(Captioned web image data)
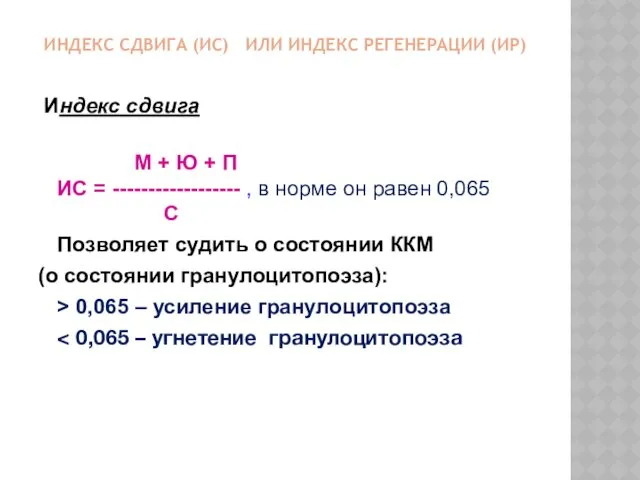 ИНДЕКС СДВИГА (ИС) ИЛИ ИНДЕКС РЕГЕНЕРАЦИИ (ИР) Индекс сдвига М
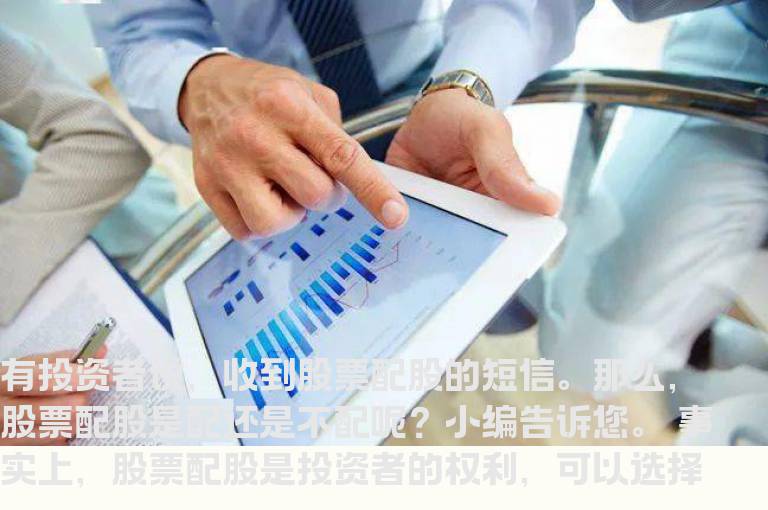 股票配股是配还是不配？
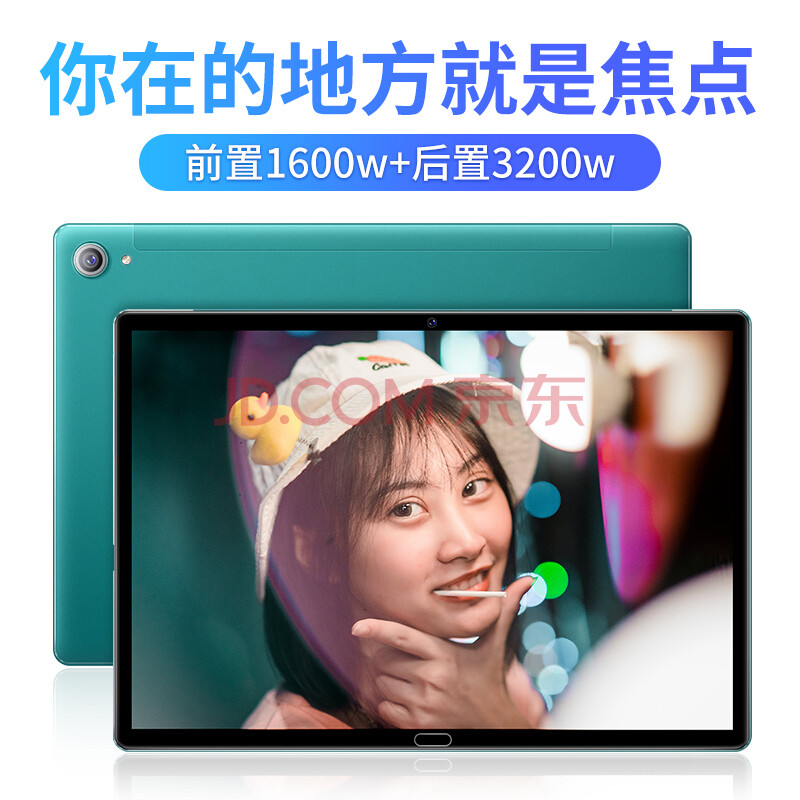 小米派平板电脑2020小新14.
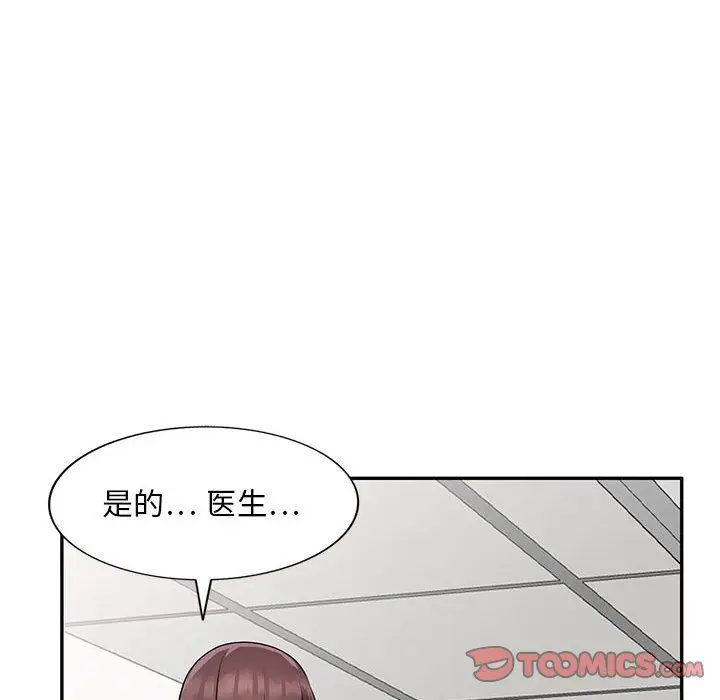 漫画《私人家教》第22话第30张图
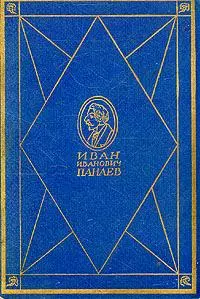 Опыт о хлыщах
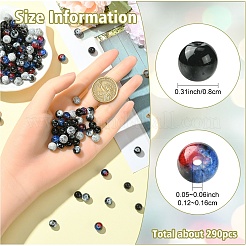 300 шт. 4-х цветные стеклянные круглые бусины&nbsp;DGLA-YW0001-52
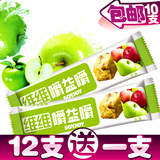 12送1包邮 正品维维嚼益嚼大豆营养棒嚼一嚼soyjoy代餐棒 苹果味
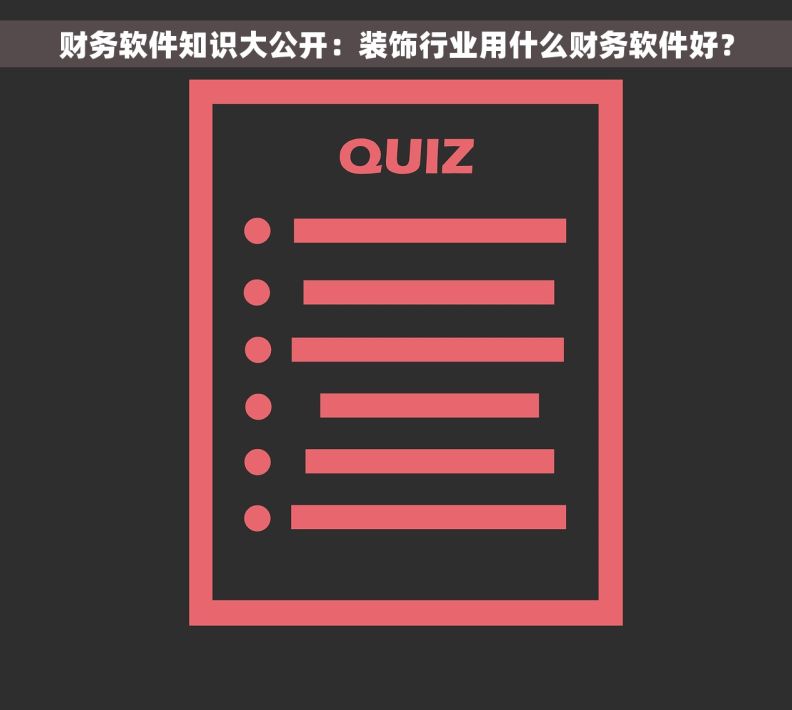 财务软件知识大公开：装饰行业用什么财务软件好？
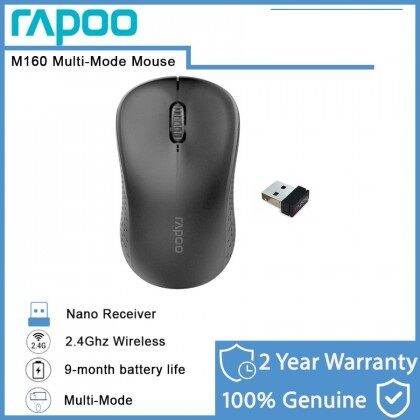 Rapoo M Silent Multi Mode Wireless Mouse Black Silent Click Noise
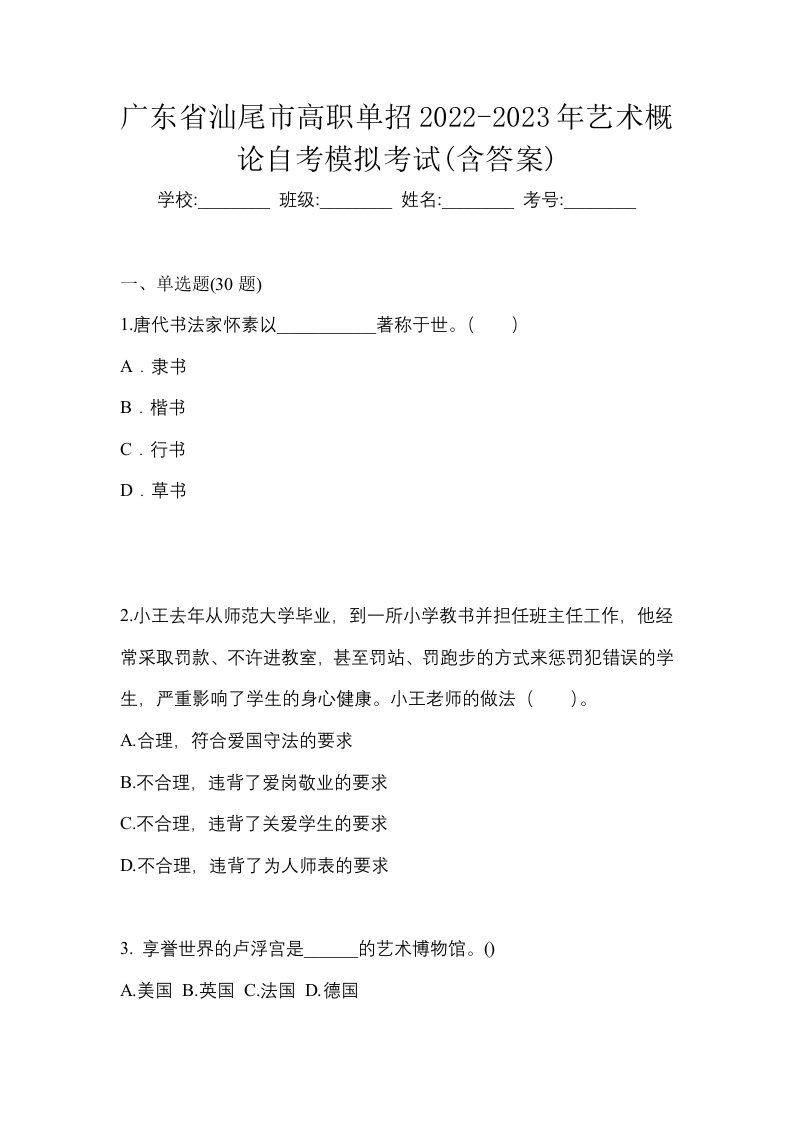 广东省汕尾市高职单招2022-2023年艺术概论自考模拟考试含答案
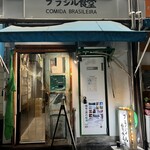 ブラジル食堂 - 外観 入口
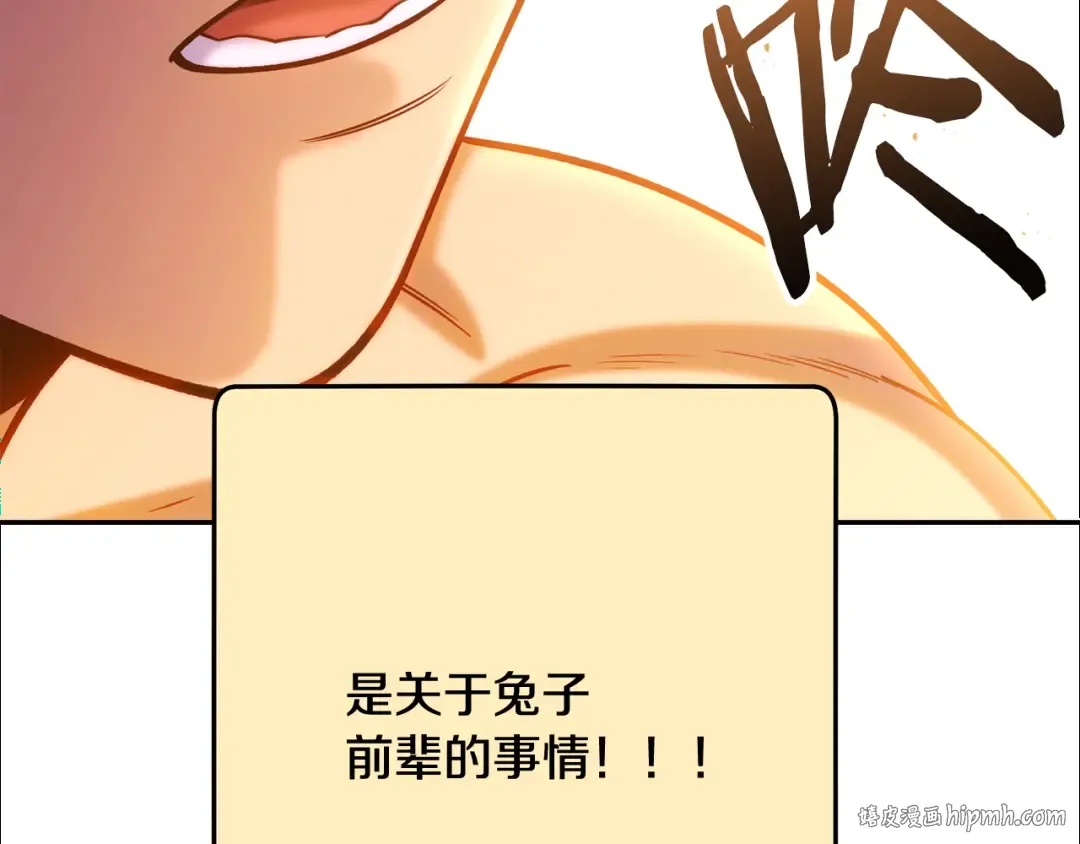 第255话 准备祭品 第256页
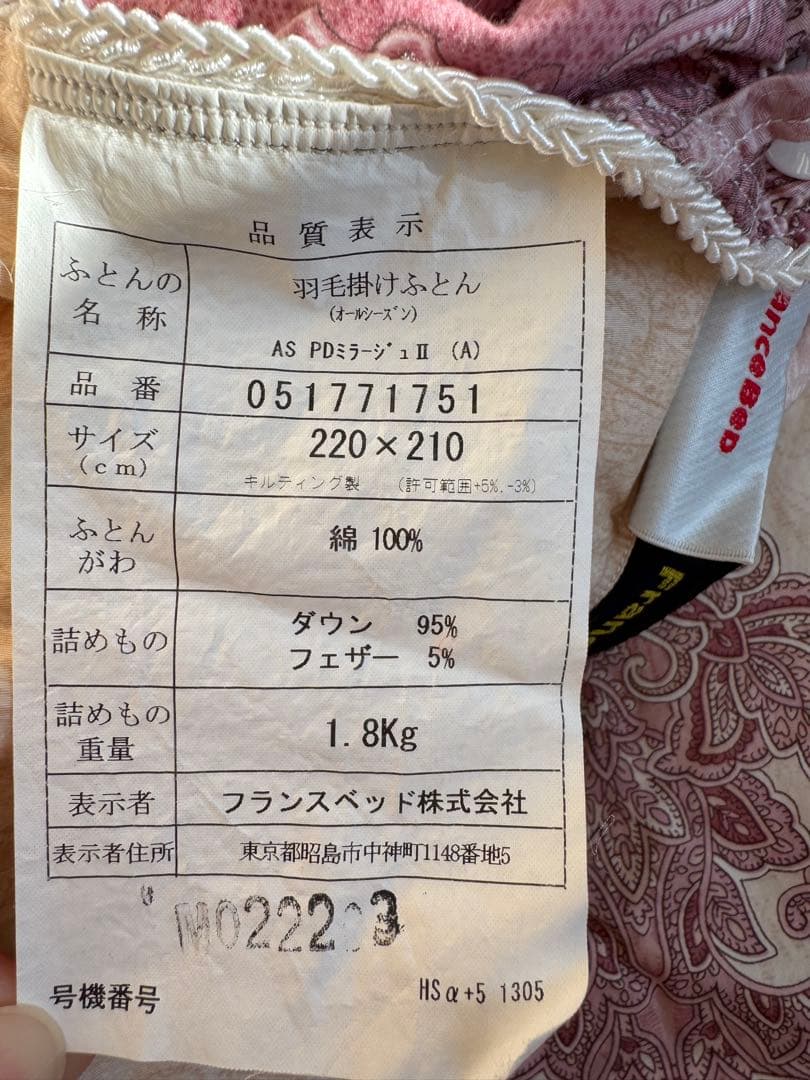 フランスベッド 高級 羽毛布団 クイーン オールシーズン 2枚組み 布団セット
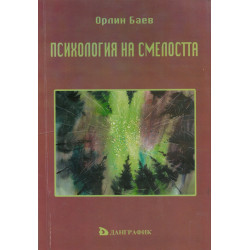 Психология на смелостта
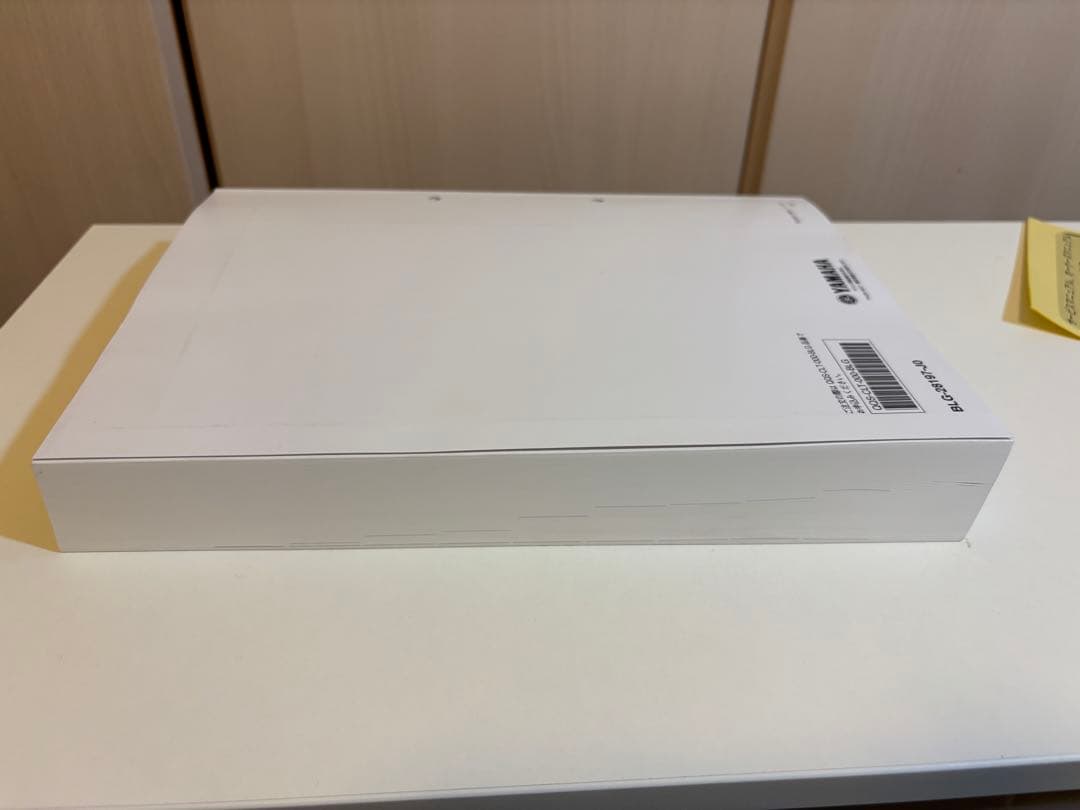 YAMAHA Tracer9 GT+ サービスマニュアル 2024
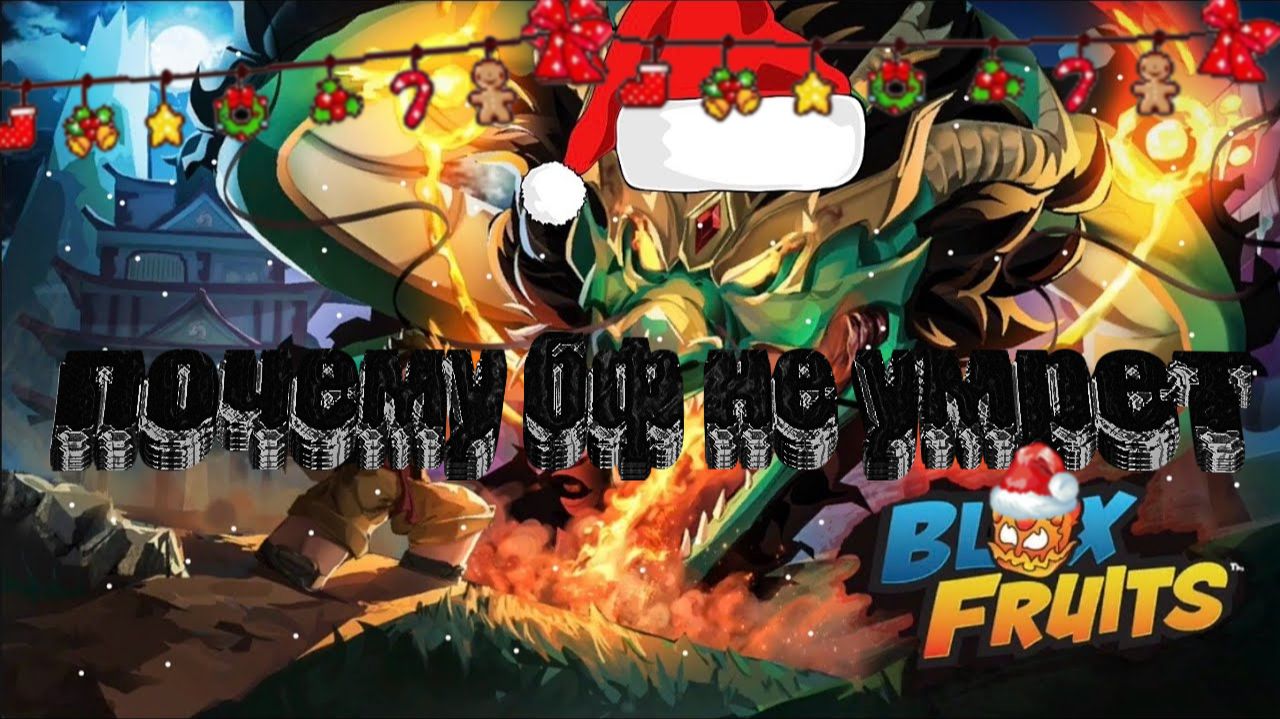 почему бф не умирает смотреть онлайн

Requirement
The lines from the one containing "フランスベッド 高級 羽毛布団 クイーン オールシーズン 2枚組み 布団セット" through the final line of the data are to be repeated exactly, with both ends included and all pictures left out.

Exercise result
 フランスベッド 高級 羽毛布団 クイーン オールシーズン 2枚組み 布団セット
 Психология на смелостта
 YAMAHA Tracer9 GT+ サービスマニュアル 2024
 почему бф не умирает смотреть онлайн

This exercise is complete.